▶ [Raw data]
>>>>

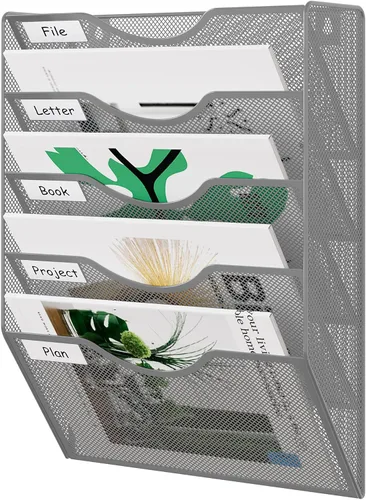 Vista 34 de EasyPAG Office - Carpeta de pared con 3 bolsillos para guardar archivos, organizador de metal para documentos Negro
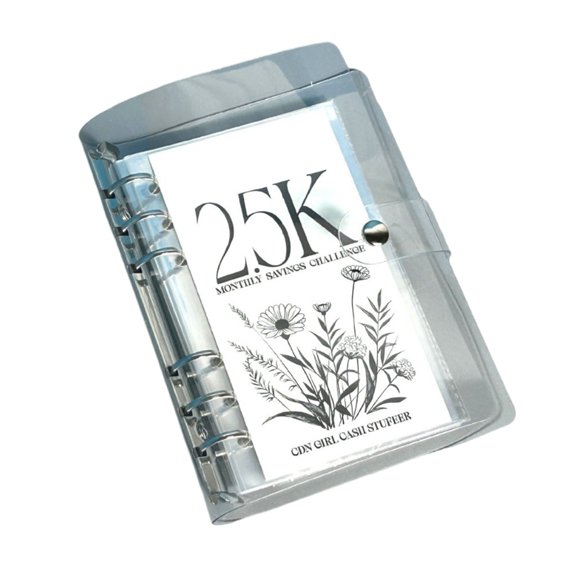Monthly Envelope Money Saving Challenge Binder Book with Clear Cover Loose Leaf Fun Way to Save 2.5/5/10K Dollars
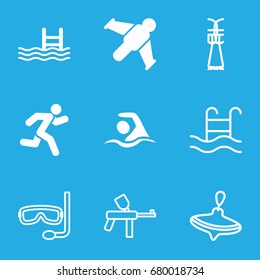 Activity icons set. set of 9 activity filled and outline icons such as pool, running, swimming, hang glider, whirligig, swimming pool, aqualung, shuttlecock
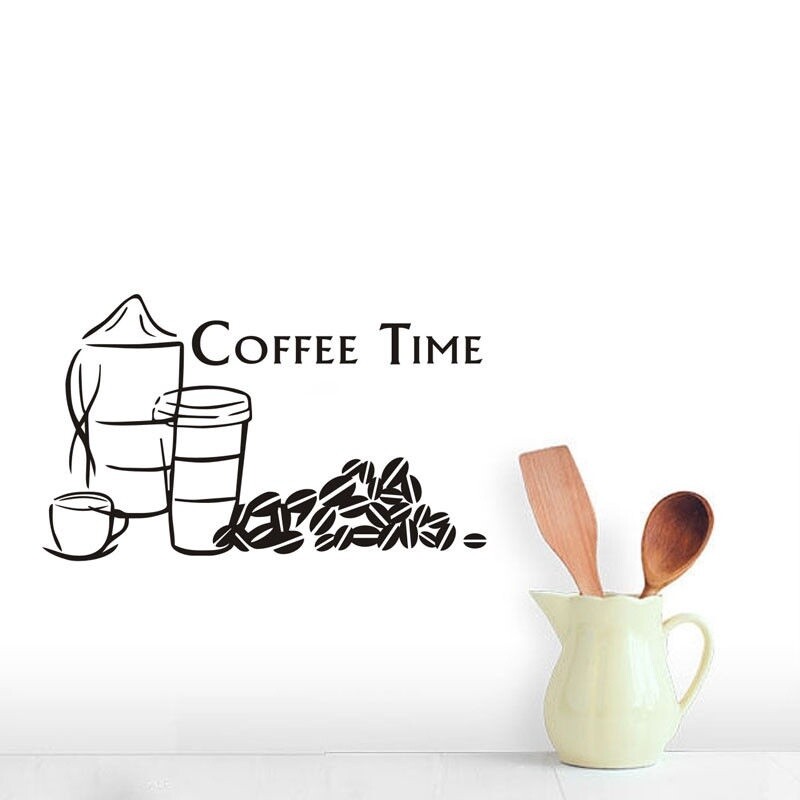 Coffee Shop Wall Sticker Coffee Time Quote Window Decor Dinning Room Vinyl Decal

<<<<

Where a line contains "Activity icons set.", begin there and set down exactly each line through the end of the data above, omitting any pictures.

▶ [Response to the exercise]
 Activity icons set. set of 9 activity filled and outline icons such as pool, running, swimming, hang glider, whirligig, swimming pool, aqualung, shuttlecock
 Coffee Shop Wall Sticker Coffee Time Quote Window Decor Dinning Room Vinyl Decal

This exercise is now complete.